**What this task involves**
The data should be transcribed in its entirety, word for word.

━━ Data excerpts

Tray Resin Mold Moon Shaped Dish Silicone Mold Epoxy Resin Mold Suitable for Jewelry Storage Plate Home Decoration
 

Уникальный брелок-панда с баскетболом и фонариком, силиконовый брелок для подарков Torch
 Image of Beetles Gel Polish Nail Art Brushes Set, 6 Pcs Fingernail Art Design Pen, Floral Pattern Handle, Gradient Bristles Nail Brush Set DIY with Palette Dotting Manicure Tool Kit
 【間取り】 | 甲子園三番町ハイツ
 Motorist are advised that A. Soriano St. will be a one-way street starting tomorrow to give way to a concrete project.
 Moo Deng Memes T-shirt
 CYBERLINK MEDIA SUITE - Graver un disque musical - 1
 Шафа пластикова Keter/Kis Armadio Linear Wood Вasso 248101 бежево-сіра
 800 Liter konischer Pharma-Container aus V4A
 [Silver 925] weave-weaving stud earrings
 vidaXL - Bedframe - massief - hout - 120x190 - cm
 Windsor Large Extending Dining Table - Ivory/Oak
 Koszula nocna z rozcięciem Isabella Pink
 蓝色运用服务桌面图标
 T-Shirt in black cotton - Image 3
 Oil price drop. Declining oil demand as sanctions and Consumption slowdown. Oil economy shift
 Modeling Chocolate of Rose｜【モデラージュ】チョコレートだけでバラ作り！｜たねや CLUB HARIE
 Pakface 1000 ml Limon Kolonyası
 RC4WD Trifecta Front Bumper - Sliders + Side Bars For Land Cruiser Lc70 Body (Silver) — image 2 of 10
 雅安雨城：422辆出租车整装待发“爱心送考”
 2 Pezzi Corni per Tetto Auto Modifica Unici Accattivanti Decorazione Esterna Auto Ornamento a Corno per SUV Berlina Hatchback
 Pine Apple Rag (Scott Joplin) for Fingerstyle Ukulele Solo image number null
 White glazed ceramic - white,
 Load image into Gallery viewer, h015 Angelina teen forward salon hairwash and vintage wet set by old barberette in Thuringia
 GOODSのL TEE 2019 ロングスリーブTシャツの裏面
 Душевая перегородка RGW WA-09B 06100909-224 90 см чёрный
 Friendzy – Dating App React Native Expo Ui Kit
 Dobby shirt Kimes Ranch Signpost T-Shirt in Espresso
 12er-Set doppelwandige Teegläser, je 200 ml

━━━━

**Solution to the exercise**
Tray Resin Mold Moon Shaped Dish Silicone Mold Epoxy Resin Mold Suitable for Jewelry Storage Plate Home Decoration
 

Уникальный брелок-панда с баскетболом и фонариком, силиконовый брелок для подарков Torch
 Image of Beetles Gel Polish Nail Art Brushes Set, 6 Pcs Fingernail Art Design Pen, Floral Pattern Handle, Gradient Bristles Nail Brush Set DIY with Palette Dotting Manicure Tool Kit
 【間取り】 | 甲子園三番町ハイツ
 Motorist are advised that A. Soriano St. will be a one-way street starting tomorrow to give way to a concrete project.
 Moo Deng Memes T-shirt
 CYBERLINK MEDIA SUITE - Graver un disque musical - 1
 Шафа пластикова Keter/Kis Armadio Linear Wood Вasso 248101 бежево-сіра
 800 Liter konischer Pharma-Container aus V4A
 [Silver 925] weave-weaving stud earrings
 vidaXL - Bedframe - massief - hout - 120x190 - cm
 Windsor Large Extending Dining Table - Ivory/Oak
 Koszula nocna z rozcięciem Isabella Pink
 蓝色运用服务桌面图标
 T-Shirt in black cotton - Image 3
 Oil price drop. Declining oil demand as sanctions and Consumption slowdown. Oil economy shift
 Modeling Chocolate of Rose｜【モデラージュ】チョコレートだけでバラ作り！｜たねや CLUB HARIE
 Pakface 1000 ml Limon Kolonyası
 RC4WD Trifecta Front Bumper - Sliders + Side Bars For Land Cruiser Lc70 Body (Silver) — image 2 of 10
 雅安雨城：422辆出租车整装待发“爱心送考”
 2 Pezzi Corni per Tetto Auto Modifica Unici Accattivanti Decorazione Esterna Auto Ornamento a Corno per SUV Berlina Hatchback
 Pine Apple Rag (Scott Joplin) for Fingerstyle Ukulele Solo image number null
 White glazed ceramic - white,
 Load image into Gallery viewer, h015 Angelina teen forward salon hairwash and vintage wet set by old barberette in Thuringia
 GOODSのL TEE 2019 ロングスリーブTシャツの裏面
 Душевая перегородка RGW WA-09B 06100909-224 90 см чёрный
 Friendzy – Dating App React Native Expo Ui Kit
 Dobby shirt Kimes Ranch Signpost T-Shirt in Espresso
 12er-Set doppelwandige Teegläser, je 200 ml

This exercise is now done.